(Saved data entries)

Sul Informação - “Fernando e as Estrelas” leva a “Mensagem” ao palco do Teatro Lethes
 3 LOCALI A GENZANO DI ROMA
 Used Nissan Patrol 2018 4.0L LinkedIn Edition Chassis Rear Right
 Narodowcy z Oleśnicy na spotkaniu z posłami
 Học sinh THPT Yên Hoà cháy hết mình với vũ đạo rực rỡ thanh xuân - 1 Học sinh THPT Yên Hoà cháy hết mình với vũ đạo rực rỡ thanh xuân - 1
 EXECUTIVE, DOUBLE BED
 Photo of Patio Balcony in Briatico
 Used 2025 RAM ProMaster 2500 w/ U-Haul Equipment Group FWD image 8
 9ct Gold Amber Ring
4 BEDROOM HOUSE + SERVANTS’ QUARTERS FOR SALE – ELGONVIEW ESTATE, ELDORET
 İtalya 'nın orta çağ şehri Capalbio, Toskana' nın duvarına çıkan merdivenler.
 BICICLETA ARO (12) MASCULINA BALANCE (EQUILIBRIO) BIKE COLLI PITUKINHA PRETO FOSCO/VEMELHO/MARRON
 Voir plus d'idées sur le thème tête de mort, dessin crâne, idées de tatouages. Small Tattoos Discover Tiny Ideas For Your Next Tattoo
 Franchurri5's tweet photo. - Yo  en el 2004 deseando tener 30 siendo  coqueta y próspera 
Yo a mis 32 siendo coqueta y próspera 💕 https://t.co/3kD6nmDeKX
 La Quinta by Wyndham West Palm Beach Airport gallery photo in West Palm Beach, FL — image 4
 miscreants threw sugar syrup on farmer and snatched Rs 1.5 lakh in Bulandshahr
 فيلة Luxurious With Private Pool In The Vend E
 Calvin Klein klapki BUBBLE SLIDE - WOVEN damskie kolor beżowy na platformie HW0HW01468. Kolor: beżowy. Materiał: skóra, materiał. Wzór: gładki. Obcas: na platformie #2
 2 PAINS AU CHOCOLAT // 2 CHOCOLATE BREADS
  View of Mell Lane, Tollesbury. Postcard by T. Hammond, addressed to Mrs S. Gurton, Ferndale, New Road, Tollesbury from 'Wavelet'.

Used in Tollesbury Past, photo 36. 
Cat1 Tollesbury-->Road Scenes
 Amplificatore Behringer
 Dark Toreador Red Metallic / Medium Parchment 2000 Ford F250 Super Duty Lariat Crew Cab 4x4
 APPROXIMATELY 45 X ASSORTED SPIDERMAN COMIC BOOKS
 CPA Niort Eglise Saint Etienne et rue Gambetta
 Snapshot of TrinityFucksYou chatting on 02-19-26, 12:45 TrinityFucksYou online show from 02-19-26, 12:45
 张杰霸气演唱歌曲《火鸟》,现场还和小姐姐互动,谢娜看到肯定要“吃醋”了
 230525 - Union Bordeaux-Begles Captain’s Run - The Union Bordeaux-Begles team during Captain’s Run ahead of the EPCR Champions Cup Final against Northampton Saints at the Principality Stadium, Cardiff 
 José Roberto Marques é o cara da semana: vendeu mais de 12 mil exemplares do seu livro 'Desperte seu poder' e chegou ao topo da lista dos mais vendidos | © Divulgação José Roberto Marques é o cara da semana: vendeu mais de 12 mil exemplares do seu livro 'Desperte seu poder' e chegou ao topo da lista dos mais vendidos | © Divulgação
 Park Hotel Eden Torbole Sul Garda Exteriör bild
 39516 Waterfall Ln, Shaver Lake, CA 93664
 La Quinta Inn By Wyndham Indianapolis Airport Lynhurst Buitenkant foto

_WHAT IS BEING ASKED_.
Both the line containing "View of Mell" and the line containing "230525 - Union" belong in the answer. Print them and every line above that falls between them exactly, and no others.

_FINISHED TASK_.
  View of Mell Lane, Tollesbury. Postcard by T. Hammond, addressed to Mrs S. Gurton, Ferndale, New Road, Tollesbury from 'Wavelet'.

Used in Tollesbury Past, photo 36. 
Cat1 Tollesbury-->Road Scenes
 Amplificatore Behringer
 Dark Toreador Red Metallic / Medium Parchment 2000 Ford F250 Super Duty Lariat Crew Cab 4x4
 APPROXIMATELY 45 X ASSORTED SPIDERMAN COMIC BOOKS
 CPA Niort Eglise Saint Etienne et rue Gambetta
 Snapshot of TrinityFucksYou chatting on 02-19-26, 12:45 TrinityFucksYou online show from 02-19-26, 12:45
 张杰霸气演唱歌曲《火鸟》,现场还和小姐姐互动,谢娜看到肯定要“吃醋”了
 230525 - Union Bordeaux-Begles Captain’s Run - The Union Bordeaux-Begles team during Captain’s Run ahead of the EPCR Champions Cup Final against Northampton Saints at the Principality Stadium, Cardiff 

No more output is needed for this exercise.